▶ [TASK DIRECTIONS]:
Reproduce precisely the lines of the listing below, starting with the line that contains "You can call" and stopping after the line that contains "Their conclusions: the"; include nothing else.

▶ [DATA FOR ANALYSIS]:
################
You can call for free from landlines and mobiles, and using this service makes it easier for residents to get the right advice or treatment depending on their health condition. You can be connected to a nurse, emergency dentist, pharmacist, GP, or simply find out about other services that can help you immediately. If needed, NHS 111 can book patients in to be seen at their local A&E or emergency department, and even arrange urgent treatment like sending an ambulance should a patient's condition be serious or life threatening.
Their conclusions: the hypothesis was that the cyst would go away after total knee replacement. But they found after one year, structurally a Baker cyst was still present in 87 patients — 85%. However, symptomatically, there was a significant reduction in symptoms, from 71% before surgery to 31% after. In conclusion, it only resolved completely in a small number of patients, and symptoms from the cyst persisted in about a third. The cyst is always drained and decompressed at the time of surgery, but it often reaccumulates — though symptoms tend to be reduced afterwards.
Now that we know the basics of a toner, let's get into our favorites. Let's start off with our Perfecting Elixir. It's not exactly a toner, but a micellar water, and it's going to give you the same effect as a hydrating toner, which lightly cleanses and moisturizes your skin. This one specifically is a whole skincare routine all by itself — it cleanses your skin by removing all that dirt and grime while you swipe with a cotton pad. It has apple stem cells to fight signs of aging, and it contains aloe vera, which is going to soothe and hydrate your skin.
################
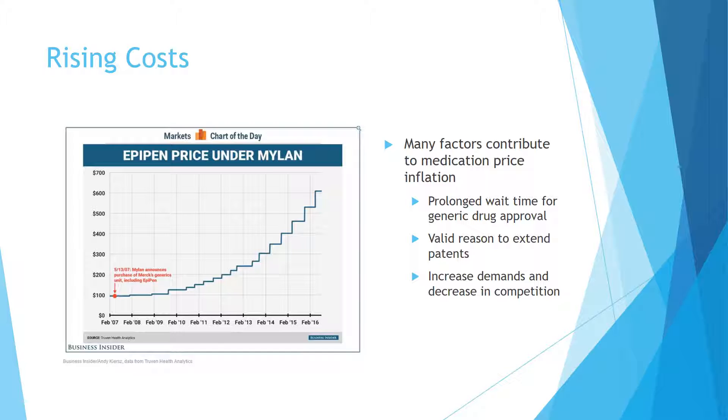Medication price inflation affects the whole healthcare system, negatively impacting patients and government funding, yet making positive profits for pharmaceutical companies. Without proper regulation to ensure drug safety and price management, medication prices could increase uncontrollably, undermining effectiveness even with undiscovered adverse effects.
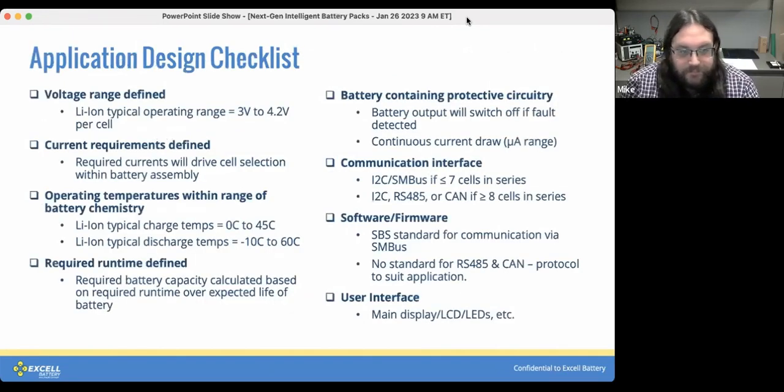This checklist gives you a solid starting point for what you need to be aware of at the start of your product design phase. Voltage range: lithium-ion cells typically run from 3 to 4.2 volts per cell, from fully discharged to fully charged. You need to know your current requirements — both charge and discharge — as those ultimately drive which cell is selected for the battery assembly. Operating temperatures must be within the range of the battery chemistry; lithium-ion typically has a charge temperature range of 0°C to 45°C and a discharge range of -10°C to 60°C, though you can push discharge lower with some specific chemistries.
################
▶ [OUTPUT FOR THIS TASK]:
You can call for free from landlines and mobiles, and using this service makes it easier for residents to get the right advice or treatment depending on their health condition. You can be connected to a nurse, emergency dentist, pharmacist, GP, or simply find out about other services that can help you immediately. If needed, NHS 111 can book patients in to be seen at their local A&E or emergency department, and even arrange urgent treatment like sending an ambulance should a patient's condition be serious or life threatening.
Their conclusions: the hypothesis was that the cyst would go away after total knee replacement. But they found after one year, structurally a Baker cyst was still present in 87 patients — 85%. However, symptomatically, there was a significant reduction in symptoms, from 71% before surgery to 31% after. In conclusion, it only resolved completely in a small number of patients, and symptoms from the cyst persisted in about a third. The cyst is always drained and decompressed at the time of surgery, but it often reaccumulates — though symptoms tend to be reduced afterwards.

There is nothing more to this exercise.